Journey to Poom
Doomed Assault
As in many gamedev stories, Poom should not have existed.
It came to be possible on Pico8 thanks to a (still unpublished) project, an Assault demake - a game I used to play at arcades as a kid (dual stick! excellent music! ultra low bass explosions!).
Early 2020, quite proud of my silky smooth rotozoom engine running entirely in memory, well below 50% cpu with enemy units.
@Eniko & @Electricgryphon had already paved the way, I went slightly further:
load #assault (requires a 0.1.12c version to run at full speed)
Engine is looking good, time to export to HTML and demo it. I run a couple of tests on my home computers and mobiles...
It did not went well, performance was all over the place and required a powerful PC to run at full speed.
Reporting the bug (?) to Zep (Joseph White, Pico8 author), it became apparent the game relied too much on binary operations and trashed the web player. The delicate balance of simulated API costs did not account for so many "low level" operations per frame.

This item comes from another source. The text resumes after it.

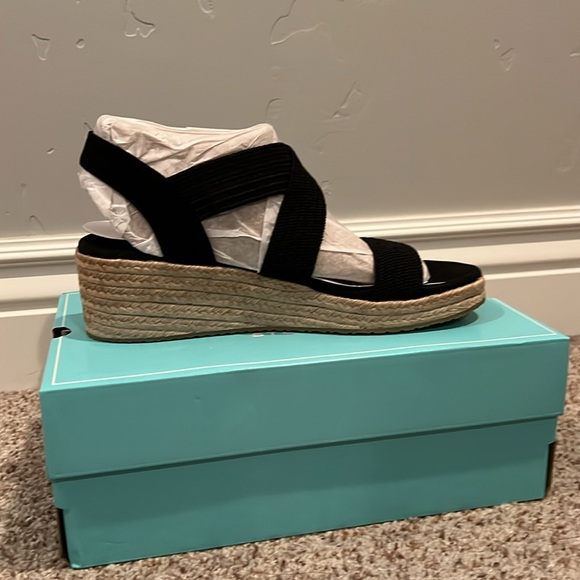 Brand Sketchers by Martha Stewart, black arch fit sandle. size 8 - Picture 6 of 9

Too much binary ops? Nah...
poke4( mem, bor( bor( bor(rotr(band(shl(m[bor(band(mx,0xffff), band(lshr(srcy,16),0x0.ffff))],shl(band(srcx,7),2)),0xf000),28), rotr(band(shl(m[bor(band(mx mdx1,0xffff), band(lshr(srcy-ddy1,16),0x0.ffff))],shl(band(srcx ddx1,7),2)),0xf000),24)), bor(rotr(band(shl(m[bor(band(mx mdx2,0xffff), band(lshr(srcy-ddy2,16),0x0.ffff))],shl(band(srcx ddx2,7),2)),0xf000),20), rotr(band(shl(m[bor(band(mx mdx3,0xffff), band(lshr(srcy-ddy3,16),0x0.ffff))],shl(band(srcx ddx3,7),2)),0xf000),16)) ), bor( bor(rotr(band(shl(m[bor(band(mx mdx4,0xffff), band(lshr(srcy-ddy4,16),0x0.ffff))],shl(band(srcx ddx4,7),2)),0xf000),12), rotr(band(shl(m[bor(band(mx mdx5,0xffff), band(lshr(srcy-ddy5,16),0x0.ffff))],shl(band(srcx ddx5,7),2)),0xf000),8)), bor(rotr(band(shl(m[bor(band(mx mdx6,0xffff), band(lshr(srcy-ddy6,16),0x0.ffff))],shl(band(srcx ddx6,7),2)),0xf000),4), band(shl(m[bor(band(mx mdx7,0xffff), band(lshr(srcy-ddy7,16),0x0.ffff))],shl(band(srcx ddx7,7),2)),0xf000)) ) )
Long story short, Pico8 0.2 is out shortly after - binary operators and tline ("textured line") are a thing...
The new addition to the Pico8 API manual reads:
tline x0 y0 x1 y1 mx my [mdx mdy] [layers] Draw a textured line from (x0,y0) to (x1,y1), sampling colour values from the map.
Assault port to tline proved the huge potential of the function:
45% cpu - 1024x1024 pix map - rotating enemies - nuklear blast!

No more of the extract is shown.